Used-car and -truck inventories remain tight and prices high. But disproportionately high fleet sales rates for some new models are causing price drops when those vehicles return to the used-car market, say analysts at NADA Used Car Guide.
"Rental penetration rates above 30 percent can have a corrosive effect on used-vehicle values because those units return to the market in large quantities over a compressed period," says Larry Dixon, an auto analyst at NADA Guide. The company analyzed rental fleet registration data from R.L. Polk & Co.
Consider the Dodge Grand Caravan. Through October, Chrysler Group had sold about a third of its 2010 Grand Caravans to rental fleets, NADA Guide's analysis found.
Last summer, the average wholesale price for both 2009 and 2010 used Dodge Grand Caravan SXT minivans hovered around $17,000. In May and July, prices of the 2009 models slightly exceeded those of the used 2010s.
Dixon says the used 2009 and 2010 models never should have been so close in price. What happened next restored -- suddenly -- the usual price difference between the two model years.

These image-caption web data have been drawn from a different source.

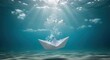 © Tanakorn - Delicate white paper boat sinks in deep blue ocean, symbolizing economic default and impending financial crisis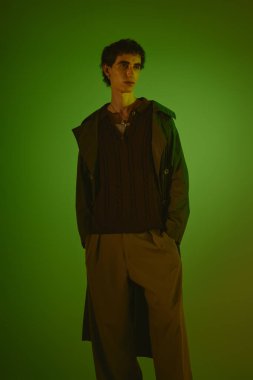 A stylish young man poses confidently against a green background.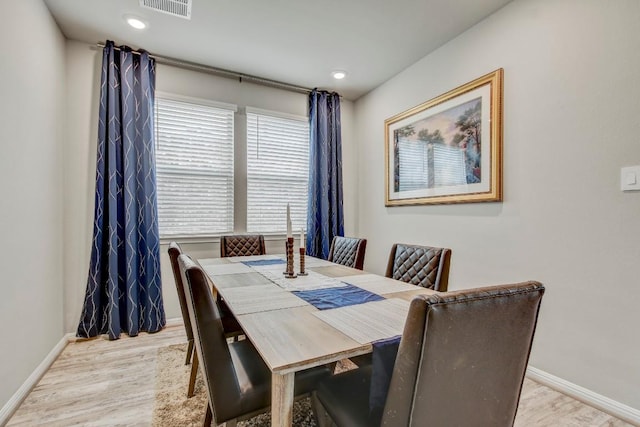 17101 Borromeo Ave, Pflugerville, TX 78660 - dining room featuring wood finished floors, baseboards, and recessed lighting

The number of retired rental 2010 Grand Caravans returning to market jumped from 148 units in July to 421 in August, 826 in September and 664 in October. In contrast, the volume of retired rental 2009 Grand Caravans entering the used-car market from July through October peaked at 143 a month in October.
The influx of 2010s pushed prices down. By October, the average price of a used 2010 Grand Caravan dropped almost 4 percent to $16,566. And that of the competing 2009 Grand Caravan plunged 20 percent to $13,723.

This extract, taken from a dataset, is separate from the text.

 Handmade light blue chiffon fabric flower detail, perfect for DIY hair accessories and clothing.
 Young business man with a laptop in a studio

Other models may face similar price swings. According to NADA Guide data, many brands, including Dodge cars, Chevrolet and Hyundai, will see large increases in retired rental volume re-entering the market through the first quarter of 2011.
For models with high retail demand, such as the Dodge Charger and the Chevy Traverse, that won't be a problem. Their prices might soften but will not plummet, Dixon predicts. "They're going to be protected more or less from significant declines," he says. But "there are some manufacturers and models we're keeping a closer eye on."
Jonathan Banks, director of editorial and data services at NADA Guide, says: "When you get to these high rental penetration levels like we've seen on some Chrysler models -- in the 60 to 70 percent of total sales to rental fleet -- you can't put those in the market and expect consumers to purchase them because there was never consumer demand for those vehicles in the first place."